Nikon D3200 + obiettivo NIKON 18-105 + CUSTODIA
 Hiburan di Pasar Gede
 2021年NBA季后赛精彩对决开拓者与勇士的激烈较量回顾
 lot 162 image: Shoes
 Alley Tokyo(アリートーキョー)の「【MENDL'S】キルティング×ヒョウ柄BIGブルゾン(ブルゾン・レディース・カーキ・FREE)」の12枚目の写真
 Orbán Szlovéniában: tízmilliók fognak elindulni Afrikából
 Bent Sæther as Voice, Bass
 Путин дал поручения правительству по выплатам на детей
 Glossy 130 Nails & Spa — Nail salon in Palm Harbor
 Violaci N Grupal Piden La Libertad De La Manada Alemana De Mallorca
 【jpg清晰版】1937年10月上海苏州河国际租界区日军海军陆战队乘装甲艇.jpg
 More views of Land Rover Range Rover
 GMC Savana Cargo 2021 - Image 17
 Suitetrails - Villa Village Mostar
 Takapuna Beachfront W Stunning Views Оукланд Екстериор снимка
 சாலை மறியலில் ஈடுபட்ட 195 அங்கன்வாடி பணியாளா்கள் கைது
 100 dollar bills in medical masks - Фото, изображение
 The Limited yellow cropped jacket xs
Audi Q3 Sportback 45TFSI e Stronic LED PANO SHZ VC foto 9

» **Exercise instructions**: Copying begins at the line that holds "Violaci N Grupal" and ends at the last line of the data above, with both included and each line kept exactly.

» **Exercise output**:
 Violaci N Grupal Piden La Libertad De La Manada Alemana De Mallorca
 【jpg清晰版】1937年10月上海苏州河国际租界区日军海军陆战队乘装甲艇.jpg
 More views of Land Rover Range Rover
 GMC Savana Cargo 2021 - Image 17
 Suitetrails - Villa Village Mostar
 Takapuna Beachfront W Stunning Views Оукланд Екстериор снимка
 சாலை மறியலில் ஈடுபட்ட 195 அங்கன்வாடி பணியாளா்கள் கைது
 100 dollar bills in medical masks - Фото, изображение
 The Limited yellow cropped jacket xs
Audi Q3 Sportback 45TFSI e Stronic LED PANO SHZ VC foto 9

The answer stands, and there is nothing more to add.